(Stored data entries)

__________________________________________________

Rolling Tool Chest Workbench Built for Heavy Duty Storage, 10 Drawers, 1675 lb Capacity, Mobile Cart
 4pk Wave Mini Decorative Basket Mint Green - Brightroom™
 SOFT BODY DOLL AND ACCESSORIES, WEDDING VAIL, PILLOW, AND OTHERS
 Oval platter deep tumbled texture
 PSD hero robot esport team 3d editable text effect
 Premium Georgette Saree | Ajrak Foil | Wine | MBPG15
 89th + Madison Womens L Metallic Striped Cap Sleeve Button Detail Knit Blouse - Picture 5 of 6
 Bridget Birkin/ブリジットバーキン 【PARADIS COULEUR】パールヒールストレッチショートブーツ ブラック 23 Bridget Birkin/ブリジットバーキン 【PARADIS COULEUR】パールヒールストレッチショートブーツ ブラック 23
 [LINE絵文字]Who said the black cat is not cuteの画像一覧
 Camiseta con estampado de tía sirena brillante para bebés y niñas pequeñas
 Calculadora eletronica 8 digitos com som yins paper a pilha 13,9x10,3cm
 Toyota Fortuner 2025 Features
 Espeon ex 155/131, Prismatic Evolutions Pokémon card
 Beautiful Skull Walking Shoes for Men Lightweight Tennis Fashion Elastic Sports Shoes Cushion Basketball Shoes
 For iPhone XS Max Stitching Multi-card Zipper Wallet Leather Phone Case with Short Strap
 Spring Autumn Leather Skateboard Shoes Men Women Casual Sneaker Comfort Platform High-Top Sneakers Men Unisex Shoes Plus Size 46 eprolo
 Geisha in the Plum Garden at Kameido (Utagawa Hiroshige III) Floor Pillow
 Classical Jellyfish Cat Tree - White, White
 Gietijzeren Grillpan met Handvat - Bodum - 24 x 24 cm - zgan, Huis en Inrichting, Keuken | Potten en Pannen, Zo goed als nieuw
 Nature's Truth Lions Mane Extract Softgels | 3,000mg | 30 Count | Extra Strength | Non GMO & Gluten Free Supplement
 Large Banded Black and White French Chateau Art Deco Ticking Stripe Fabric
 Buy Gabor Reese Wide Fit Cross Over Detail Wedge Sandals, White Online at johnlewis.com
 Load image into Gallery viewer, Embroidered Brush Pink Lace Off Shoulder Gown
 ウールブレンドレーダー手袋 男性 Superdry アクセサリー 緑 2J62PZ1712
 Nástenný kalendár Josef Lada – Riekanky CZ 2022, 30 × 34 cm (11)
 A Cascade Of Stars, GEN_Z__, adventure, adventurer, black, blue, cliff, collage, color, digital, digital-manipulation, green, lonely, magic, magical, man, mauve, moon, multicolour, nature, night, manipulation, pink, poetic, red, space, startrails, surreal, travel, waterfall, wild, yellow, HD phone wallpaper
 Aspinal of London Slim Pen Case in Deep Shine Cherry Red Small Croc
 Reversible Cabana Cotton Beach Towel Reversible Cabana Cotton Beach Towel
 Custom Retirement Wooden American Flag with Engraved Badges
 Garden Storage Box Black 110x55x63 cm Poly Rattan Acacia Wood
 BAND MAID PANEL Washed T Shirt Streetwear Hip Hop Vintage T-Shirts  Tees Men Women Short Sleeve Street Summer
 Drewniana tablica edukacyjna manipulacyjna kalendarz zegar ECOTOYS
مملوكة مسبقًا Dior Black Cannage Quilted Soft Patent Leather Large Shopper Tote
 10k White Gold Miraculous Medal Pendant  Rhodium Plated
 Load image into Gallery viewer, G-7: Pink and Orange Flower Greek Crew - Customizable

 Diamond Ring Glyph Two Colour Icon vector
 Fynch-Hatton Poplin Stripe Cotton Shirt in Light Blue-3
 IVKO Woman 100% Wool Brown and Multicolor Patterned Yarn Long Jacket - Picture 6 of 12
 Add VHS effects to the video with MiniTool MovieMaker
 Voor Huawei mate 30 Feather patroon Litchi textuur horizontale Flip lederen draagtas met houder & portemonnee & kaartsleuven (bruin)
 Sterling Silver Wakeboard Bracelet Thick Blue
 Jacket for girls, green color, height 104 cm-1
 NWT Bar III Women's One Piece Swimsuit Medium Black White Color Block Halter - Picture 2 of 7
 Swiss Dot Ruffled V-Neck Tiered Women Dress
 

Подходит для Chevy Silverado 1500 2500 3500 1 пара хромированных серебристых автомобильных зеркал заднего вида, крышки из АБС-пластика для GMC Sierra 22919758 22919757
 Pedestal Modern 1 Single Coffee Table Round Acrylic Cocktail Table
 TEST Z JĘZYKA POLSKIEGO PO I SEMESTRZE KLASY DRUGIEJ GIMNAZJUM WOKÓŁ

__________________________________________________

Goal of the exercise
Scan the lines above for the word "Shoes", then copy each line that has it.

Result of the exercise
 Beautiful Skull Walking Shoes for Men Lightweight Tennis Fashion Elastic Sports Shoes Cushion Basketball Shoes
 Spring Autumn Leather Skateboard Shoes Men Women Casual Sneaker Comfort Platform High-Top Sneakers Men Unisex Shoes Plus Size 46 eprolo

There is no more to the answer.